The Tribunal notes that evidence has not been provided relating to whether the position associated with the nominated occupation is genuine, or whether it is full-time.
For these reasons the requirements of reg 2.72(10) are not met.
Employment under contract
Regulations 2.72(11) and (12) require that the nominee will be engaged only as an employee under a written contract of employment and that the applicant will give a copy of the contract, signed by the employer and nominee, to the Minister, unless the nominated occupation is specified in the relevant instrument. In the former case, where the applicant is not an overseas business sponsor, the nominee must be employed by them or an associated entity (reg 2.72(11)), and if the applicant is an overseas business sponsor, the nominee must be employed by the applicant (reg 2.72(12)).
The Tribunal finds that adequate evidence has not been provided in an up-to-date format in regard to these matters.

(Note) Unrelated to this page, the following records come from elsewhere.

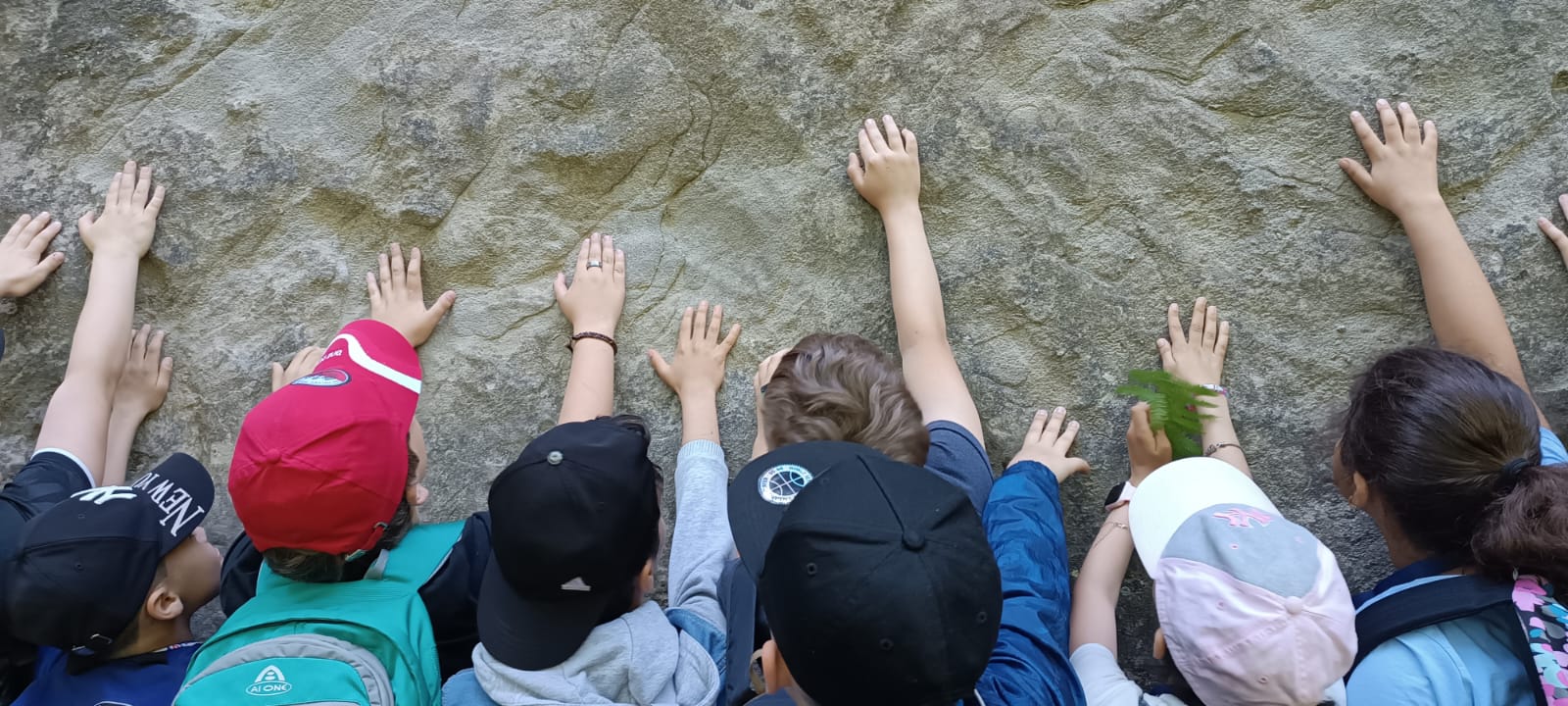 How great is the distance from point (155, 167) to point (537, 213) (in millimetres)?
954

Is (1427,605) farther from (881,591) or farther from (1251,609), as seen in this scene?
(881,591)

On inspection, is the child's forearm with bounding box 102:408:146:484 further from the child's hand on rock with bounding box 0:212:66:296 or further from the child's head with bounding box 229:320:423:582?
the child's head with bounding box 229:320:423:582

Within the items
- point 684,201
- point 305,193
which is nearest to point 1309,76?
point 684,201

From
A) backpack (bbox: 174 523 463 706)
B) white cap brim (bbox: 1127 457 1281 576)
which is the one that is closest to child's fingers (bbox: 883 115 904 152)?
white cap brim (bbox: 1127 457 1281 576)

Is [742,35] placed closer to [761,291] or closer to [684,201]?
[684,201]

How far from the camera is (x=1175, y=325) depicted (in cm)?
237

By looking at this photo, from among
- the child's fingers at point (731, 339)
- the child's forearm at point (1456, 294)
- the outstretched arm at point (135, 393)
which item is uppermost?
the child's forearm at point (1456, 294)

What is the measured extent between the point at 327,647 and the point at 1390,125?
2.41 meters

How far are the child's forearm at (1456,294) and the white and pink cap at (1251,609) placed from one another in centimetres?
79

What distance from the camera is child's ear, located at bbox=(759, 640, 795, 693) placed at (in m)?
1.53

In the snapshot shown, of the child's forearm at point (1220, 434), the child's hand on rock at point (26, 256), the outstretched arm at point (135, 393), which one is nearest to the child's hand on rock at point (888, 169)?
the child's forearm at point (1220, 434)

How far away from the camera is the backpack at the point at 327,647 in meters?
1.62

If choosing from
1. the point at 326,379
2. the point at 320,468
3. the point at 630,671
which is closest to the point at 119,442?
the point at 326,379

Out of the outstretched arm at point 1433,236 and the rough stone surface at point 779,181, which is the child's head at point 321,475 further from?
the outstretched arm at point 1433,236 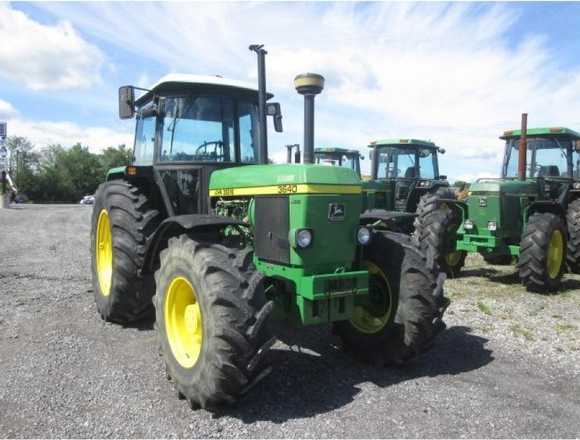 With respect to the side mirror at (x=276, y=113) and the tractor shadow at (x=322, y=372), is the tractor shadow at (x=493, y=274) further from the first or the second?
the side mirror at (x=276, y=113)

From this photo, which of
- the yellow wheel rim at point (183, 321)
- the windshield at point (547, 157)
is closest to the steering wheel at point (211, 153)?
the yellow wheel rim at point (183, 321)

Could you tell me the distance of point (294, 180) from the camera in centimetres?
394

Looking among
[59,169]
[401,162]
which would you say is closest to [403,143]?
[401,162]

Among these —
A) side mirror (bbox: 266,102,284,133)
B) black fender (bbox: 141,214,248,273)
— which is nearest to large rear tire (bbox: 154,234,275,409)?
black fender (bbox: 141,214,248,273)

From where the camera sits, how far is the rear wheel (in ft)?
25.2

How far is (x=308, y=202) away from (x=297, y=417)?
152 centimetres

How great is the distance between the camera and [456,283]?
863 cm

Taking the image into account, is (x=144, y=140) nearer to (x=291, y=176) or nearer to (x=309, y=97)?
(x=309, y=97)

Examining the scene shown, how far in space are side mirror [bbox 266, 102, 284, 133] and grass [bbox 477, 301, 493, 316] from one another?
345 centimetres

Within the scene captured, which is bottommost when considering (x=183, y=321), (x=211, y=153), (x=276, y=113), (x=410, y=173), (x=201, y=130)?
(x=183, y=321)

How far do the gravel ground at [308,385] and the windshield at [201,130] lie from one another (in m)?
1.92

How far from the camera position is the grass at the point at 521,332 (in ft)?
18.1

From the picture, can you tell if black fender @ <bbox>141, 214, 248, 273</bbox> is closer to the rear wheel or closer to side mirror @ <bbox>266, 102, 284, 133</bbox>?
side mirror @ <bbox>266, 102, 284, 133</bbox>

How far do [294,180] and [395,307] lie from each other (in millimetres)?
1401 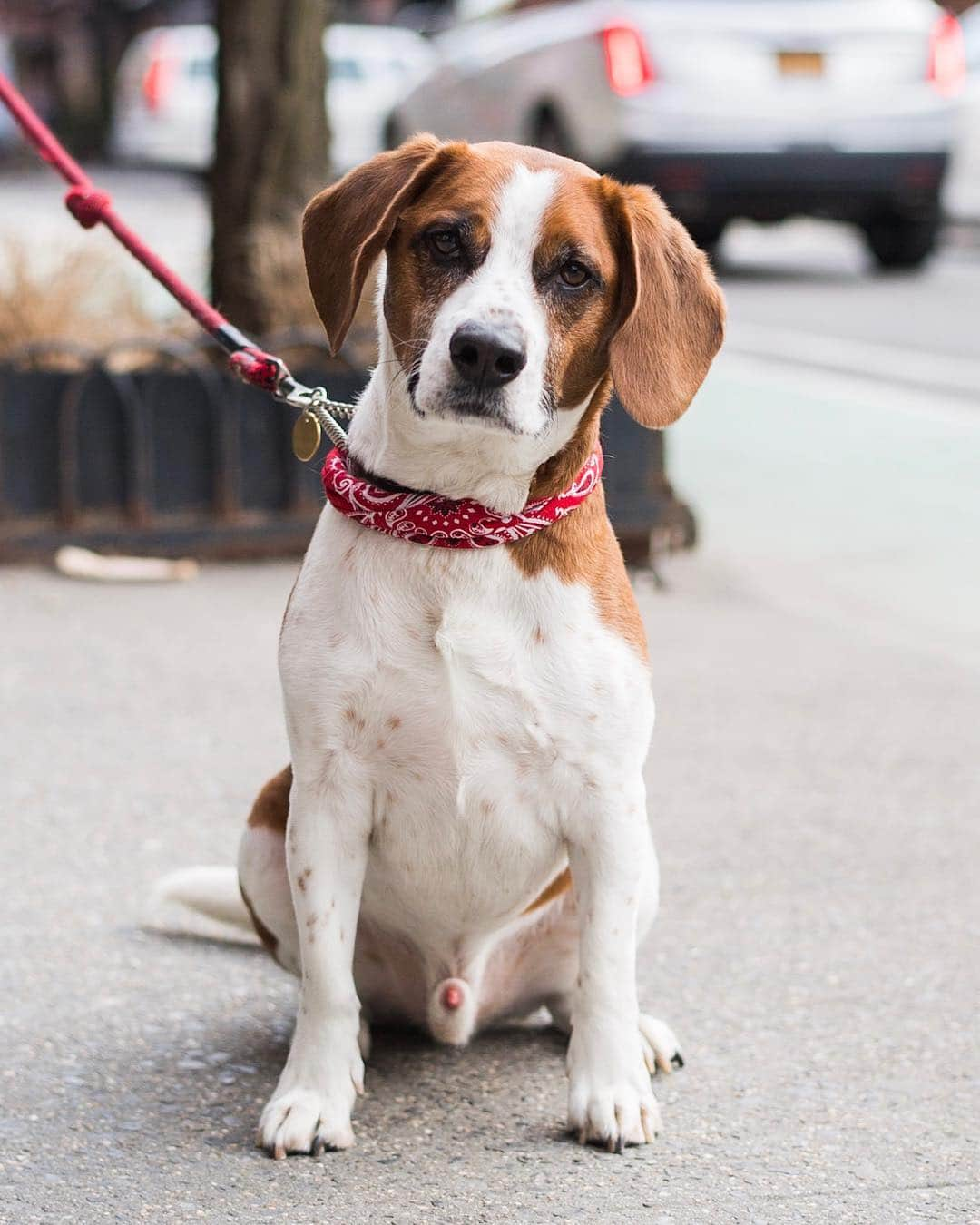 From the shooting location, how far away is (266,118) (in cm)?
744

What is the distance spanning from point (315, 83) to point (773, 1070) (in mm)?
5221

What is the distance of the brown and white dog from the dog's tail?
578 mm

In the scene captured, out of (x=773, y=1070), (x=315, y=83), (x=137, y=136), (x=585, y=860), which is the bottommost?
(x=137, y=136)

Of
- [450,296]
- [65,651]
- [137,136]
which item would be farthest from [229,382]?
[137,136]

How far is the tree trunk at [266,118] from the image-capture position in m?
7.41

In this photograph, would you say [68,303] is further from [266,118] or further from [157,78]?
[157,78]

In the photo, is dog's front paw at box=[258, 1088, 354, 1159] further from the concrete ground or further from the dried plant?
the dried plant

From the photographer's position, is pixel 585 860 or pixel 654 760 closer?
pixel 585 860

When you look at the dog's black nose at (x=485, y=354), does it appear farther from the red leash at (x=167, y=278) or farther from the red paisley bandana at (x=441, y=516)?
the red leash at (x=167, y=278)

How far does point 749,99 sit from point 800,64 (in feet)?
1.53

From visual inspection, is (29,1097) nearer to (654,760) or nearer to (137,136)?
(654,760)

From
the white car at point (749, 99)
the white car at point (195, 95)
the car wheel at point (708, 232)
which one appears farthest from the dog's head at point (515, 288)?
the white car at point (195, 95)

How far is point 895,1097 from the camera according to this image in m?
3.20

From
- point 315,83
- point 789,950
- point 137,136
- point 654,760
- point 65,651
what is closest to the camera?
point 789,950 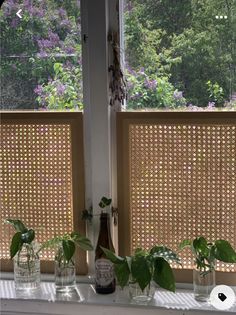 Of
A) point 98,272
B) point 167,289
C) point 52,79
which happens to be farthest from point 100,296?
point 52,79

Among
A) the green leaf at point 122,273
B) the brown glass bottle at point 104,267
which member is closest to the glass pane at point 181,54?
the brown glass bottle at point 104,267

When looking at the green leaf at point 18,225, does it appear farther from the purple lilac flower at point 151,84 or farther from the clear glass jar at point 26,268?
the purple lilac flower at point 151,84

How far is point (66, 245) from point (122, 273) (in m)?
0.21

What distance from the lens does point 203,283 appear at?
5.80 feet

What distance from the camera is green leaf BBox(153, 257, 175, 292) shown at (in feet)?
5.58

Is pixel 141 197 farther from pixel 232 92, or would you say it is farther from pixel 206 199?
pixel 232 92

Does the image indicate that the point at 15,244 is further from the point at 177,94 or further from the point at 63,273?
the point at 177,94

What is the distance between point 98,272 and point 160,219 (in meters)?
0.27

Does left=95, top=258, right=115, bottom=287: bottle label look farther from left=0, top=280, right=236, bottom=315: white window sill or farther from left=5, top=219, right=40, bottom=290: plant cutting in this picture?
left=5, top=219, right=40, bottom=290: plant cutting

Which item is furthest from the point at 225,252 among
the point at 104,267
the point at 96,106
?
the point at 96,106

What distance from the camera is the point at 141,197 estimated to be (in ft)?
6.10

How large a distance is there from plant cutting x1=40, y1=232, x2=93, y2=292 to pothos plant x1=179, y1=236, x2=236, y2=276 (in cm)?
33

For these reasons the requirements of reg 2.72(12) are not met.
Annual earnings
Regulation 2.72(15) contains several requirements which must be met if the nominee’s annual earnings in relation to the nominated occupation will not be at least the amount specified in the relevant instrument. Regulation 2.57A provides for the meaning of ‘earnings’. Where reg 2.72(15) applies, it requires that:
·the annual market salary rate (the rate) for the occupation has been determined by the applicant by reference to the relevant instrument. The ‘annual market salary rate’ means the earnings an Australian citizen or an Australian permanent resident earns or would earn for performing equivalent work on a full-time basis for a year in the same workplace at the same location: reg 1.03.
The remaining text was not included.